Executive summary: I finished the beautiful and challenging 40.7 mile Highlands Sky trail race in Davis, West Virginia on June 17, 2006. My time was 11:18:00 (103 out of 125 finishers). The weather was a clear blue sky and the temperatures climbed into the 80s. The second half of the course is mostly out in the open, so the sun and heat had a big effect. RD Dan Lehmann and his volunteers put on a great race.
At five AM, a line of school buses and various crew vehicles left the front of the Canaan Valley Resort for a half hour curving, climbing, and descending ride in the pre-dawn glow to the start line. At six AM we were off on a easy couple of paved miles. My quads reminded me that I had pushed the pace on a 3+ hour rock and roots hiking trail run six days before, but soon they gave up complaining.
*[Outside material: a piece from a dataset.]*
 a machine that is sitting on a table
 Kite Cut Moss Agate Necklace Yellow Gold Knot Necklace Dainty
All of this course was new to me, so I settled into the back of the pack as we cruised along, people were chattering and birds were chirping as the sun came up. After a fluids only aid station at 2 miles, we entered the woods for the biggest climb of the day, about 2,300 feet, on trails and old woods roads. June is prime growing season in the eastern U.S. mountains and it has been a good year for stinging nettles which crowded the sides of the trail. Want to step around a muddy spot or pass somebody? Expect to swipe your legs on a nettle patch. Luckily, the nettles were only in this first climb. Mud? The trail by my eastern forest experience, was quite dry. The wet patches were small “hillside swamps” where there was ledge or clay keeping a spot always moist. Some people who had run this race before said they had never seen the course this dry.
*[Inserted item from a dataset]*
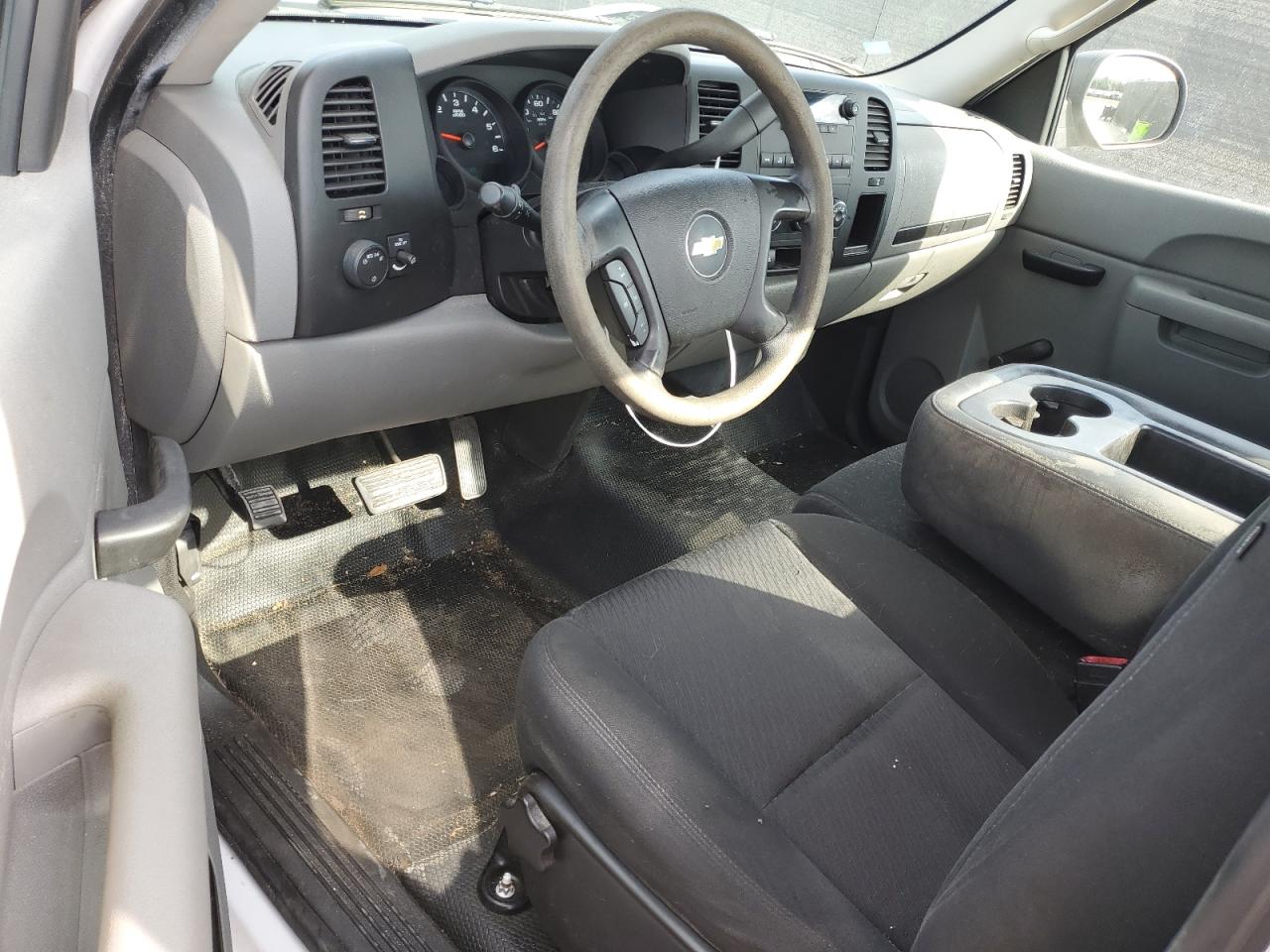 2011 Chevrolet Silverado - Image 8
Towards the top of the big climb it was running time as the trail became rocky ups and downs on top of the ridge before reaching Aid #2 at about 10 miles.
Between Aid #2 and #3 is a gorgeous downhill stretch along a narrow trail
between laurel bushes towering over our heads. In the deep shade, if
suddenly felt tropical. All downhills must end and soon we were climbing
again on the second big climb, but only for about 1,200 feet. After a
pause at the wonderful Aid #3 (aid stations during climbs are always
wonderful because you get to stop. The people here were great, as they were
at all the other aid stations), it was a little more climbing and then more
open rocky running on the ridge.
I arrived at Aid #4, almost the mid-point of the course and found my drop bag with socks, shirt, food bars and gels, sunscreen, and a hat. The honeymoon of the first part of the course was over. I like ups and downs in the shade. I was back on the trail at about 11:35 AM.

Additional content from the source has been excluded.